[libre-riscv-dev] [Bug 61] Formal Mathematical Proofs needed
hendrik at topoi.pooq.com
Thu May 2 02:10:24 BST 2019
On Wed, May 01, 2019 at 11:28:01PM +0100, Luke Kenneth Casson Leighton wrote:
> crowd-funded eco-conscious hardware: https://www.crowdsupply.com/eoma68
> On Wed, May 1, 2019 at 11:08 PM Hendrik Boom <hendrik at topoi.pooq.com> wrote:
> > On Wed, May 01, 2019 at 08:59:02PM +0100, Luke Kenneth Casson Leighton wrote:
> > > hendrik: does the demo at the end (bounded proof) mean *anything* to you?

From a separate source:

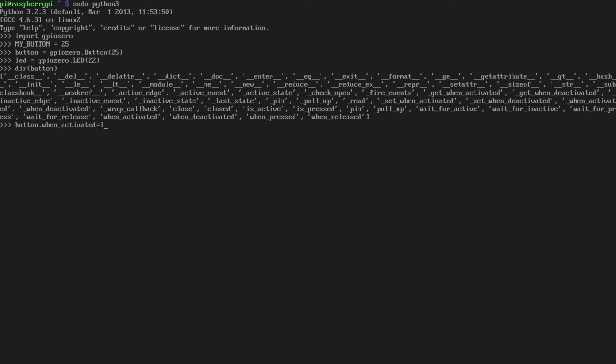Button.when_activated — and just tell it to turn the LED on. Why have they gone for 'activated' and 'deactivated' instead of 'pressed'? I think it's a side effect of the attempt to be very generic — within Button it's being aliased anyway. So I press enter, and hopefully when I press that button... it works! Magic. Could it be any simpler? Fantastic.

> > > https://symbiyosys.readthedocs.io/en/latest/quickstart.html
> > I'm going to have to read it in much more detail, but it looks as if
> > they use a proof system to prove that there are no failures within
> > a fixed number of "cycles". I suspect this is done by some kind of
> > cross between a simulator and a theorem prover, propagating safety
> > assertions cycle by cycle, either forward (which is intuitive) or
> > backward (which seems to have nicer theory).
> i did a dumb-conversion of samuel falvo's formal proof of the
> MStatus.py that he wrote (i'm good at dumb conversions...) and it
> looks really quite straightforward (the BMC mode, at least).
> prove mode also worked...
> > Why bounded? Well, to prove it is safe forever you have to prove that
> > some sufficiently inclusive safety conditions in any step logically
> > imply the sae safty comditions in the next step. Then by indiction the
> > result follows. Unfortunately it is difficult to mechanically produce
> > such a set conditions that can, as it were, reproduce themselves into
> > the future.
> > The automated proof assistants I am familiar with all involve in some
> > sense writing computer programs to guide the proof process. These
> > programs are usually specific to the theorem being proved
> these seem to be more like... conditions-checking that you'd see in
> any unit test. although, from what i gather, the more complex "proof"
> engines can actually auto-generate FSMs and full logic tables and
> "AnyConst" from nmigen looks to be quite useful as a way to represent
> "any value" rather than having to run a hundred billion cycles of all
> possible 48-bit permutations on just *one* input...
> > and there is
> > a rigorous separation between the code driving the proof process and
> > the code actually performing the proof steps so that the driver cannot
> > interfere with the validity of the proof steps.
> yes, test_mstatus.py seems to be structured that way, as is the
> nmigen FIFO formal proof unit test, all these instantiate a "dut"
> instance which is then tested.
> you don't "interfere" with the device under test (dut)
You not only don't interfere with the device under test, you also don't
let the proof strategy interfere with the statements in the proof.
Which is why the original ML (MetaLanguage) was a type-secure language
with one data type for "theorem" and another for "formula" (i.e.,
something that might or might not ever be proved. It was not originally
intended as a general purpose programming language.
The available operations on 'Theorems" were nothing but the formal rules
for deduction of the logic being used. The rules for "formula" allowed
a lot of tinkering so you could write code to try and figure out a proof
for the thing.
This ancient proof engine was what has later morphed into the ML family
of general-purpose, mostly-functional programming languages, such aas
SML, CAML, OCaml, all of them type-safe by design.